Bangladeshi academic

Muhammad Ibrahim (মুহাম্মদ ইব্রাহীম; born 1 December 1945) is a Bangladeshi academic. He is a former professor of physics at University of Dhaka. He is the moderator of the show Desh o Biggyan on Bangladesh Television. He is the editor of Bigyan Shamoiki, the first monthly science magazine of Bangladesh. Since January 2015, he has been serving as a professor of the General Education Department at University of Liberal Arts Bangladesh (ULAB).

Ibrahim is the recipient of Bangla Academy Literary Award (2006) in the science category.

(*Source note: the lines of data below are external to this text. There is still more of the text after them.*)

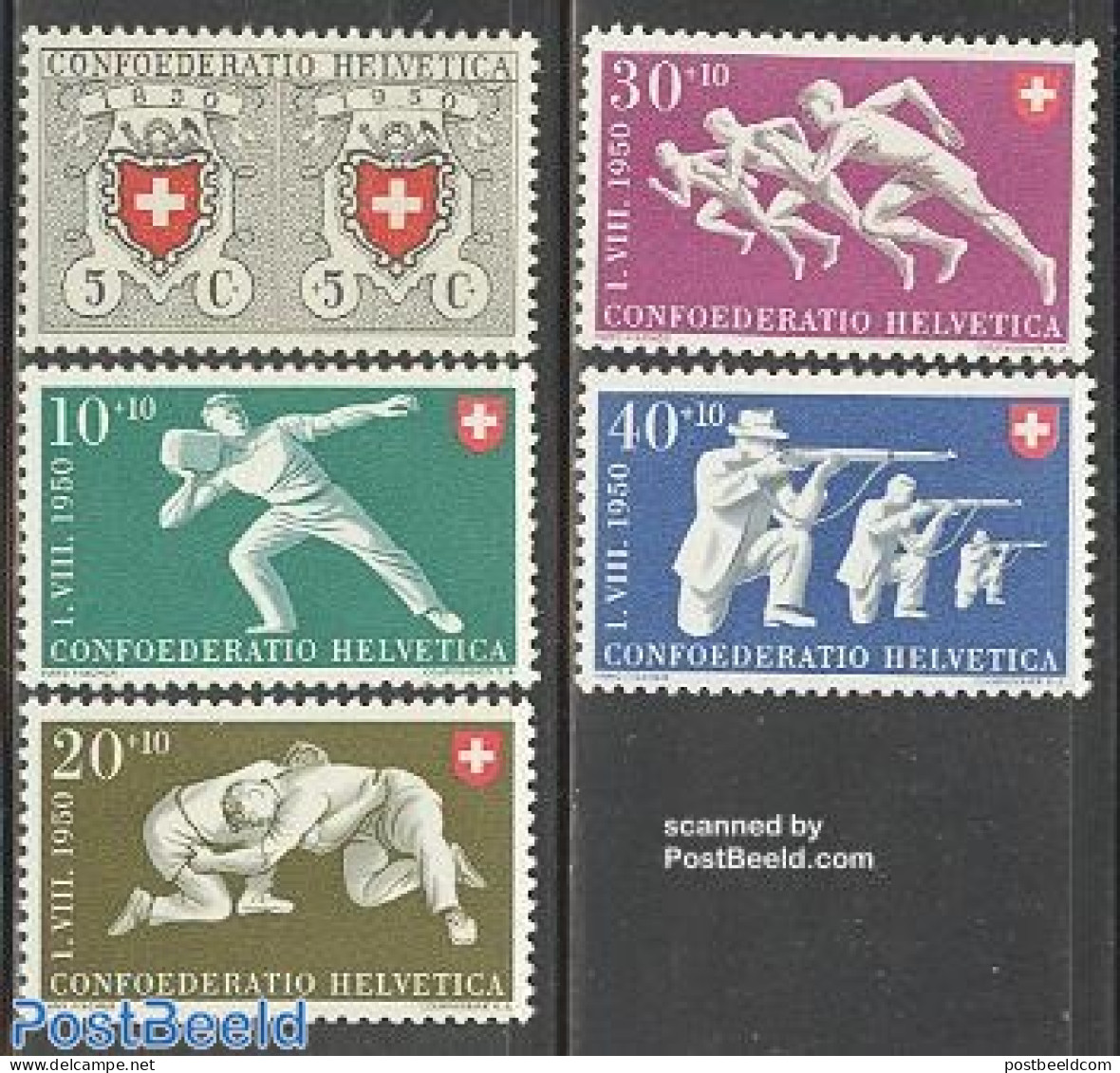Switzerland 1950 Pro Patria 5v, Mint NH, Sport - Athletics - Shooting Sports - Sport (other And Mixed) - Stamps On Sta.. - Ungebraucht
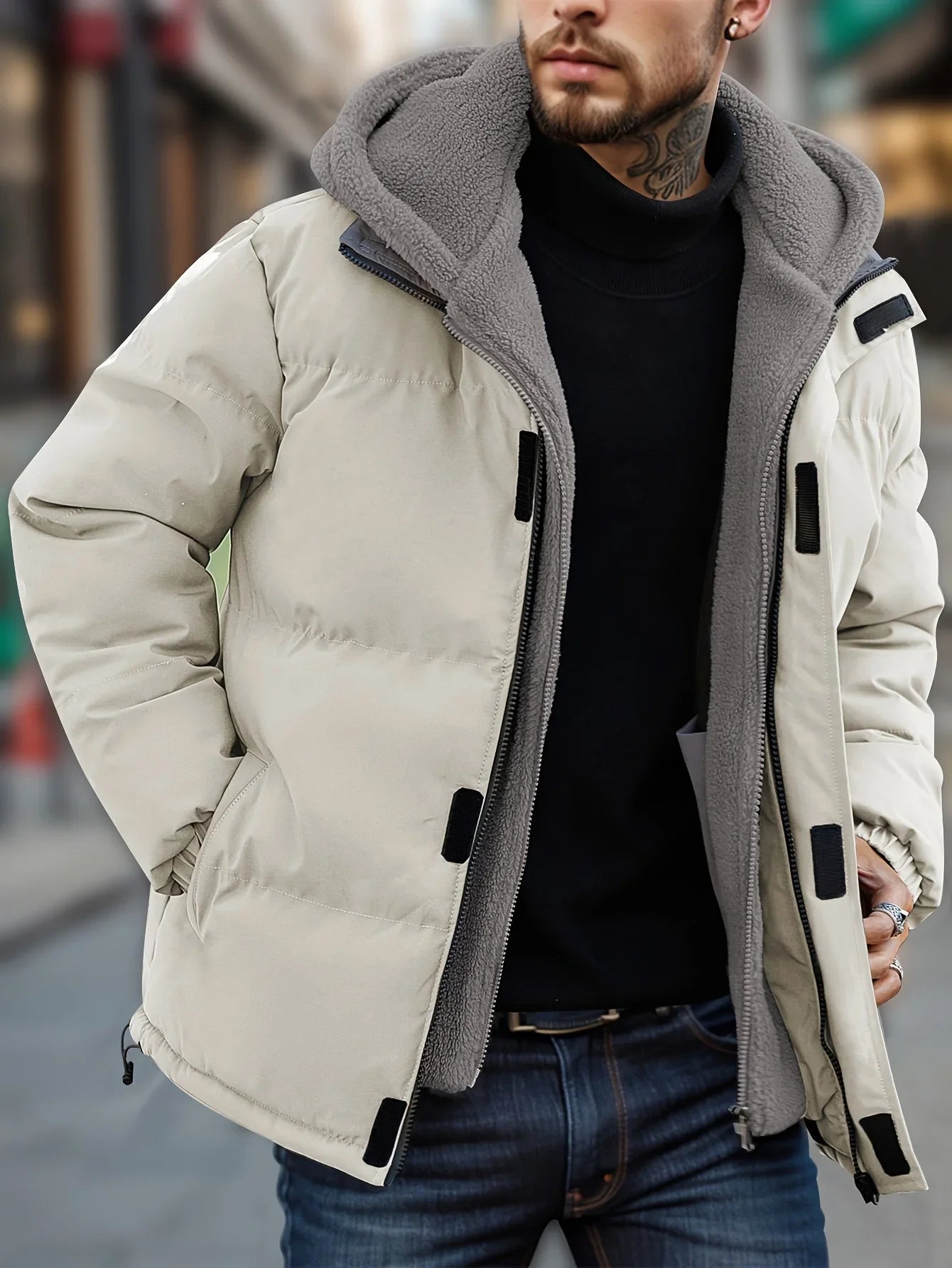 Winter Windproof Men's Faux Jacket Casual Polyester Coat with Detachable Hood Zip-Up Front Long Sleeves & Pockets Winter Clothes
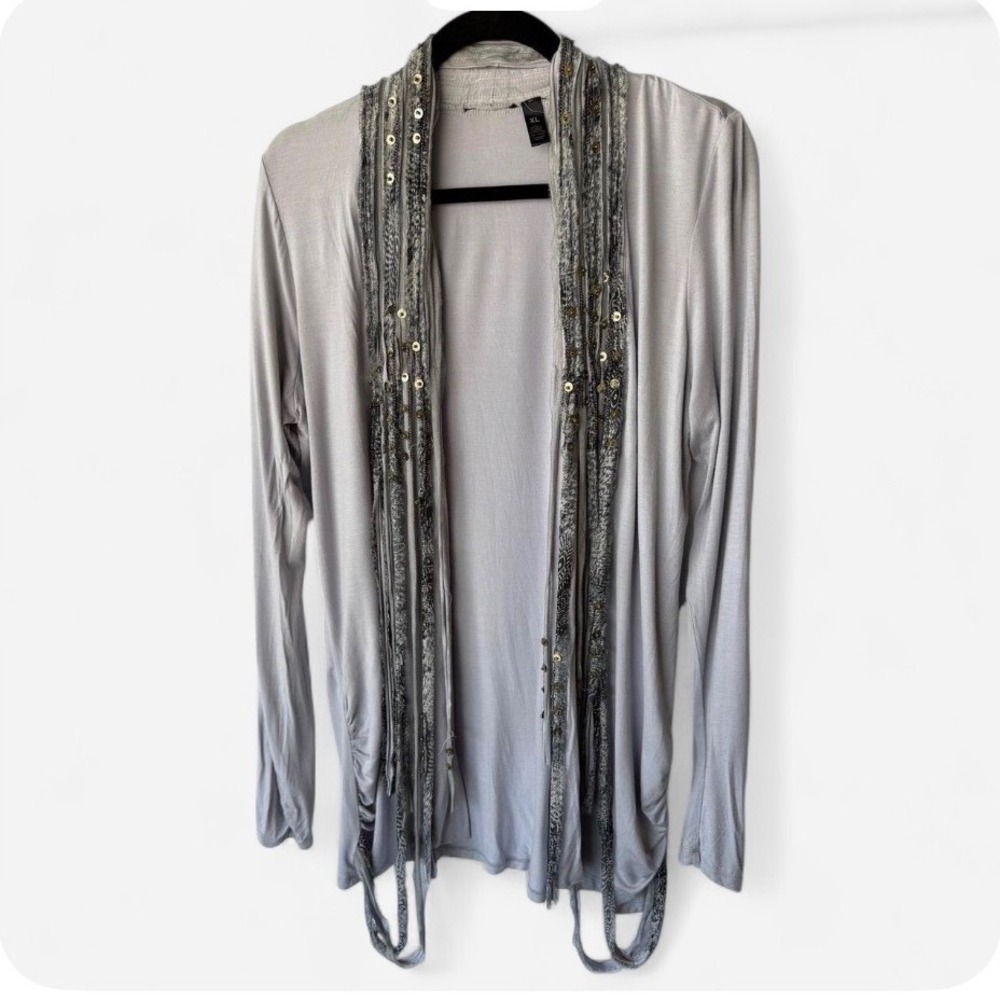 BKE Boutique Open Front Cardigan Gray Sequin Steampunk Grunge Festival Boho XL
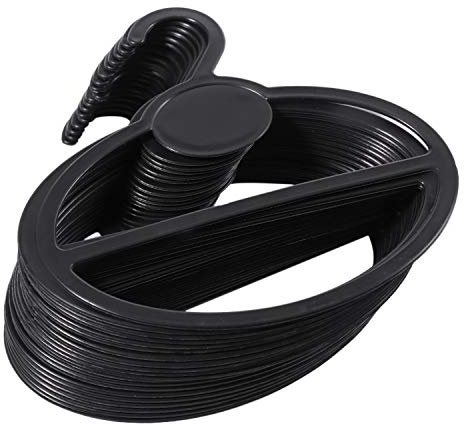 Basage 20x Scarf Shawl Tie Holder Organizer Oval Plastic Hangers Storage Hangers Black Size:13.5cm(Length)×12.5cm(Diameter)×13.5cm(Height) x1.9cm(Hook Mouth)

==Background and education==
The fourth of nine children, Muhammad Ibrahim was born on 1 December 1945 in the city of Chittagong, Bengal Presidency. He belongs to a Bengali family of Muslim Saudagars hailing from the village of Bathua, by the Kaptai road in Hathazari subdivision. His father was Haji Muhammad Dula Mia Saudagar, a Sufi jeweller, and his mother was Sufia Khatun. One of his elder brothers is ex-Chief Advisor Muhammad Yunus. By 1949, his mother was afflicted with psychological illness. He studied at the Chittagong College. Around 1962, he got admitted into the physics department of the University of Dhaka where he completed his bachelor's and master's in 1965 and 1966 respectively. He earned his Ph.D. from the University of Southampton on surface physics in 1972.

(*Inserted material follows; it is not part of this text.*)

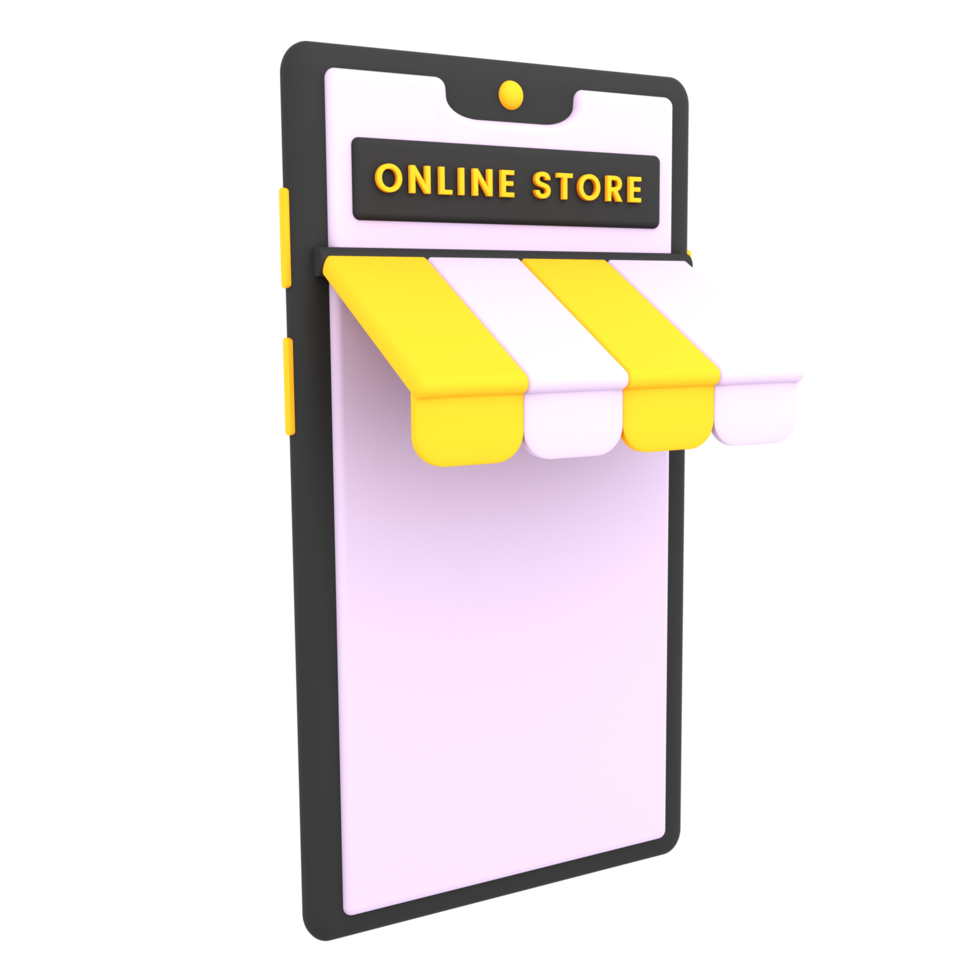 3d einfache Online-Shopping-Shop-Symbol E-Commerce-Illustration png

His siblings were in order; Momtaz Begum, Muhammad Abdus Salam, Professor Muhammad Yunus, Doctor Muhammad Ibrahim (self), Umme Kulsum, Muhammad Ayub, Muhammad Azam, Muhammad Jahangir, Muhammad Moinul Alam

==Career==
Ibrahim was a faculty member in University of Dhaka's Physics Department until he retired in 2012. He served as the director of Renewable Energy Research Centre at the same university. He also served as a visiting professor in BRAC University.

Ibrahim is the founder and executive director of Centre for Mass Education and Science (CMES), an NGO which aims to promote the use of science and technology at the root level.

==Awards==
- Bangla Academy Literary Award (2006)
- WorldAware Business Award (2004)
- Institute of Diploma Engineer Gold Medal (2000)
- Qudrat-E-Khuda Gold Medal (1989)
- Agroni Bank Award for Children Literature (1987)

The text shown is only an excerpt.